La Corée du Sud a bâti un État stratège, investi dans l’éducation, protégé ses industries naissantes, mobilisé son épargne et osé faire confiance à ses propres institutions. Ce que nous appelons aujourd’hui “miracle asiatique” n’est que le fruit d’une volonté politique soutenue et d’une cohérence dans la vision et le politage de sa mise en oeuvre.
Financer le développement de l’intérieur : 5 chantiers incontournables
L’Afrique dispose aujourd’hui des ressources
intellectuelles, économiques et humaines nécessaires pour engager une
trajectoire souveraine de développement. Il ne manque qu’une volonté partagée
de transformation, adossée à un cadre politique suffisamment robuste pour
prémunir les institutions contre les dérives clientélistes et les captures
privées. Cinq chantiers structurants peuvent servir de leviers :
1. Mobiliser l’épargne locale et les ressources de la
diaspora en créant des instruments de confiance pour canaliser ces flux vers
l’investissement productif.
2. Renforcer les banques publiques de développement afin
qu’elles deviennent des outils stratégiques de financement des infrastructures,
de l’innovation et des territoires.
3. Développer des marchés financiers régionaux inclusifs,
accessibles aux Pme et aux collectivités locales, pour favoriser
l’investissement long et la mutualisation des risques.

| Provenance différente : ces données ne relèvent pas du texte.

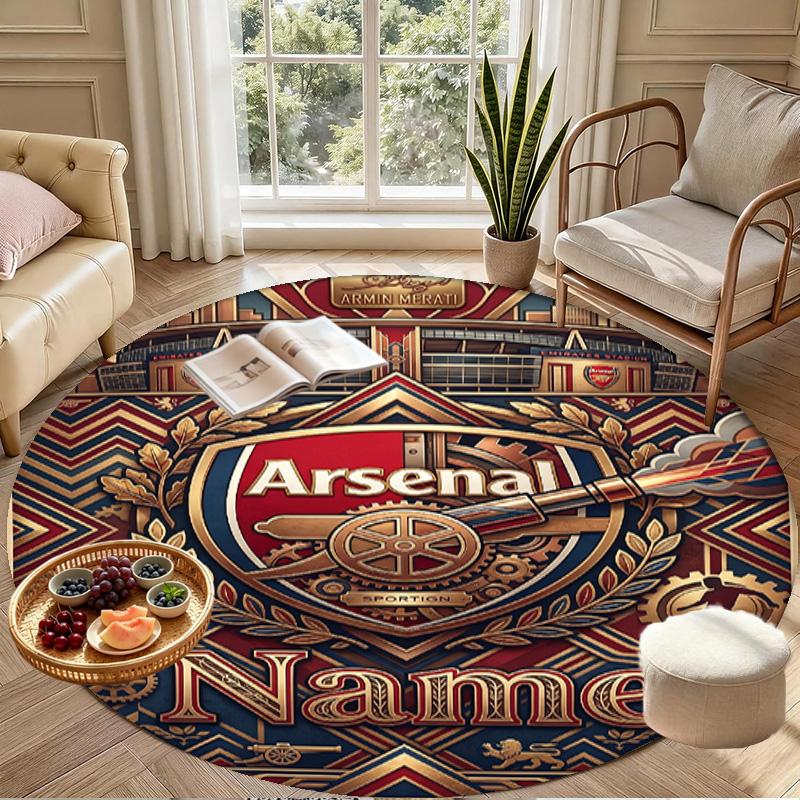 Custom Name Personalized Arsenal F.C Print Round Rug, Versatile Home Decor Carpet, for Playroom, Apartment, Balcony, Entryway, Hallway Gift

4. Faire de l’urbanisation un levier de mobilisation des
ressources endogènes, en valorisant les dynamiques locales, les économies
informelles et les solidarités territoriales, au lieu de les marginaliser. Cela
suppose de repenser la fiscalité urbaine non comme un outil de contrainte, mais
comme un pacte de réciprocité entre l’État et les habitants.

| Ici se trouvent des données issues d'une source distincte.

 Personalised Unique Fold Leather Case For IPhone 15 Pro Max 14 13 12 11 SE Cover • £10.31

5. Donner aux collectivités territoriales les moyens de
devenir des acteurs de transformation, en leur transférant des compétences, des
ressources et un véritable pouvoir d’initiative.

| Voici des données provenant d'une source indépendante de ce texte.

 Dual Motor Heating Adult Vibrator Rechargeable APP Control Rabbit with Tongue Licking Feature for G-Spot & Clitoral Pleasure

Une urgence générationnelle
Attendre que le monde change pour changer l’Afrique est
une impasse. Le monde ne fera pas de place à l’Afrique. C’est à l’Afrique de
faire irruption dans le monde en assumant pleinement son autonomie de pensée et
d’action.
Ce qui a été dit à Séville, nous le savions déjà. Ce que nous devons faire, nous l’avons répété mille fois. Ce qui fait défaut, c’est le courage d’assumer les disruptions nécessaires : disruption de la dépendance institutionnelle, de la frilosité politique, et de cette habitude de déléguer en permanence notre avenir à d’autres.
Ce que Séville révèle vraiment
Ce que la conférence de Séville confirme, c’est que le
temps des incantations est terminé. Ce n’est pas une feuille de route qu’il
nous faut, mais un choc de conscience. Un réveil collectif. Un sursaut de
responsabilité.
L’Afrique n’a pas besoin qu’on lui répète ses priorités.
Elle a besoin d’un acte de foi en elle-même. De leaders capables d’initier des
choix courageux, porteurs de transformation, et de mobiliser autour d’eux les
intelligences et les énergies du continent. De citoyens qui exigent des
comptes. De coalitions nationales pour le changement, capables de traduire les
promesses en politiques, et les politiques en résultats.
Il est donc temps de cesser de mendier des financements
pour construire l’avenir. L’Afrique doit parler la langue de l’investissement,
de la souveraineté et de la valeur ajoutée. Elle ne doit plus quémander, mais
faire ses propres choix et les assumer. Non plus attendre, mais bâtir.
La transformation du continent n’est pas une faveur à
obtenir, mais une décision collective à assumer. Encore faut-il, pour cela,
libérer nos imaginaires. Car comme l’a si justement écrit Ngũgĩ wa Thiong’o,
«La décolonisation de l’esprit est la condition préalable de toute décolonisation
véritable. »
Sans ce préalable, aucun changement structurel ne pourra
s’ancrer dans la durée.
L’Afrique n’a pas besoin de permission pour se développer. Elle a besoin d’une décision collective : faire de sa souveraineté le socle de sa prospérité.